Step 6 − First create a definition object with the Id for the new resource and then call one of the Create methods on the DocumentClient object. In the case of a stored procedure, the definition includes the Id and the actual JavaScript code that you want to ship over to the server.

Step 7 − Call File.ReadAllText to extract the stored procedure code out of the JS file.

Step 8 − Assign the stored procedure code to the body property of the definition object.

As far as DocumentDB is concerned, the Id we specify here, in the definition, is the name of the stored procedure, regardless of what we actually name the JavaScript function.

Nevertheless when creating stored procedures and other server-side objects, it is recommended that we name JavaScript functions and that those function names do match the Id that we have set in the definition for DocumentDB.

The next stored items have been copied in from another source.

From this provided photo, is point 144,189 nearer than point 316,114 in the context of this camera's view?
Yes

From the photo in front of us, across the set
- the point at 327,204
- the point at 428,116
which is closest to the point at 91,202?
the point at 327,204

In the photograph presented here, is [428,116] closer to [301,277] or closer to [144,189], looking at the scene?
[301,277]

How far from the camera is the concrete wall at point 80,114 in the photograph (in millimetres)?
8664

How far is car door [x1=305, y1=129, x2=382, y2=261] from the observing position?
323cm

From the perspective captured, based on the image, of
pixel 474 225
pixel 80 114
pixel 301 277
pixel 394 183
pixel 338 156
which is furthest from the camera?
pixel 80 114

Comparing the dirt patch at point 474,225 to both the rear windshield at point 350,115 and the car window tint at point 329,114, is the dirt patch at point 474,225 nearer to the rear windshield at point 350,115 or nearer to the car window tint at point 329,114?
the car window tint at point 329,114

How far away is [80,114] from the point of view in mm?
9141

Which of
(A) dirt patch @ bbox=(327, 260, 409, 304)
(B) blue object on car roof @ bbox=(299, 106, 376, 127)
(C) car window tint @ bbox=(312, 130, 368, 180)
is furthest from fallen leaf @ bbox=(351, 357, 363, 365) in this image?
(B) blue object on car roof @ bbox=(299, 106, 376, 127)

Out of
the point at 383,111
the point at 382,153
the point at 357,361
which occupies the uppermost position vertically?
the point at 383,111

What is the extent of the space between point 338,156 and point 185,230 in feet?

Step 9 − Call CreateStoredProcedureAsync, passing in the SelfLink for the MyCollection collection and the stored procedure definition. This creates the stored procedure and ResourceId that DocumentDB assigned to it.

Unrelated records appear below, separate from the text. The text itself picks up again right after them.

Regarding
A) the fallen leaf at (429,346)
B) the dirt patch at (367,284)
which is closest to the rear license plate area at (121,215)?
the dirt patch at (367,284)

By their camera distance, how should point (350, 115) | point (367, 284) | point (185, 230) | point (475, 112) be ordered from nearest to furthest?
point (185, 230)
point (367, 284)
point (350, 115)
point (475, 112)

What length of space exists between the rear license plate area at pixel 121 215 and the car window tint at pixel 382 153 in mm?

Step 10 − Call the stored procedure. ExecuteStoredProcedureAsync takes a type parameter that you set to the expected data type of the value returned by the stored procedure, which you can specify simply as an object if you want a dynamic object returned. That is an object whose properties will be bound at run-time.

In this example we know that our stored procedure is just returning a string and so we call ExecuteStoredProcedureAsync<string>.

Following is the complete implementation of Program.cs file.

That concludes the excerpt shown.